> **What to produce**: Please print, exactly as written, the line containing "Let's talk about" and each line after it through the end of the material; pictures stay out.

> **Information supplied**:
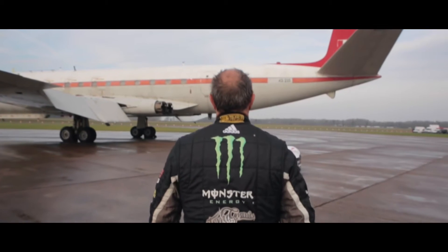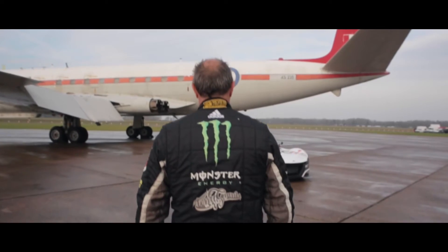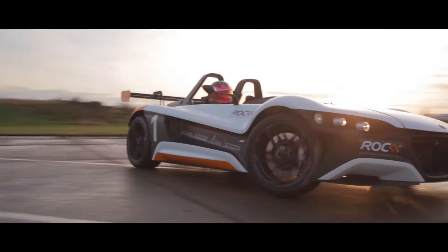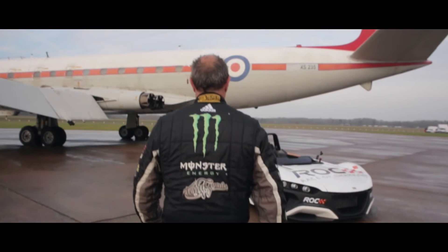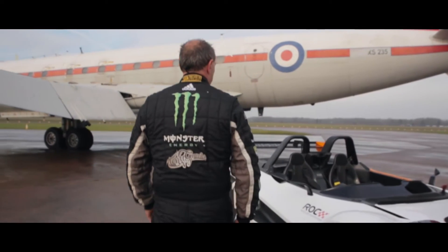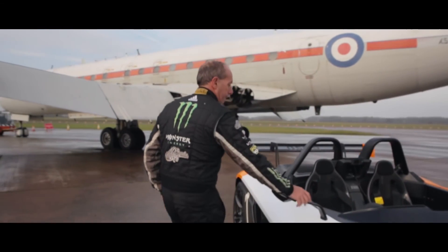I'm Terry Grant. I'm the official test driver for Race of Champions. Today I've come to test the VOOL. It's a two-seater, full carbon fibre, mid-engine sports car, ideal for the tight twisty track in Marlins Park.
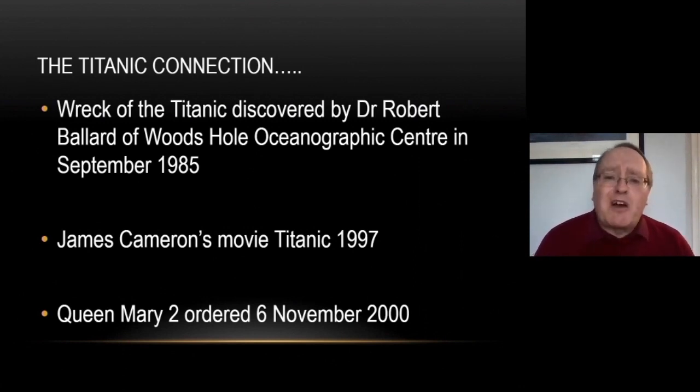That interest was highlighted again when James Cameron's movie Titanic came out in 1997. At that stage, Cunard was running the Queen Elizabeth 2 across the Atlantic, and that film caused such a huge surge of interest in transatlantic crossings that suddenly QE2 was sailing full. That spurred Carnival Corporation to buy Cunard and invest in building a new transatlantic ship, of which I was put in charge. Queen Mary 2 was ordered on the 6th of November 2000, on the back of this upsurge in interest caused by the Titanic.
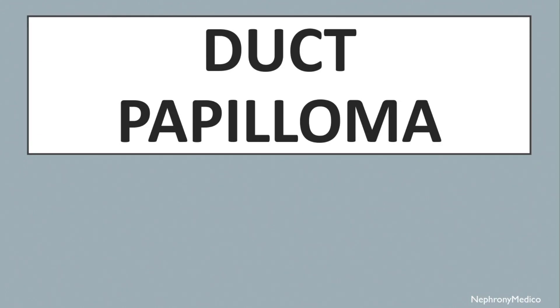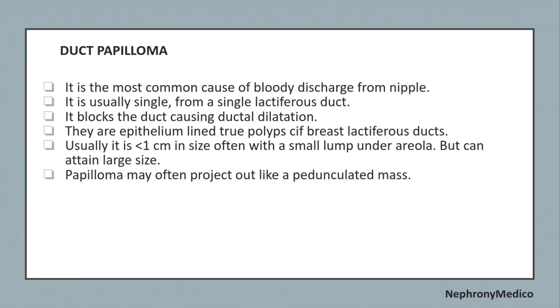Let's talk about duct papilloma. It is the most common cause of bloody discharge from the nipple and is usually single, arising from a single lactiferous duct, blocking the duct and causing intraductal dilatation. These are epithelial tube polyps of the breast lactiferous ducts. It is usually less than one centimeter in size, often presenting as a small lump under the areola, but can attain large size. The papilloma may often project out like a pediculated mass.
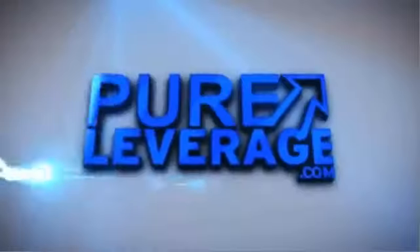Thanks for opting in, because I'm really excited to tell you about the internet marketing and network marketing tool suite that we've put together called PureLeverage.com. I just need a few minutes of your time, because this is something that I've personally invested over $5 million in.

> **Exercise output**:
Let's talk about duct papilloma. It is the most common cause of bloody discharge from the nipple and is usually single, arising from a single lactiferous duct, blocking the duct and causing intraductal dilatation. These are epithelial tube polyps of the breast lactiferous ducts. It is usually less than one centimeter in size, often presenting as a small lump under the areola, but can attain large size. The papilloma may often project out like a pediculated mass.
Thanks for opting in, because I'm really excited to tell you about the internet marketing and network marketing tool suite that we've put together called PureLeverage.com. I just need a few minutes of your time, because this is something that I've personally invested over $5 million in.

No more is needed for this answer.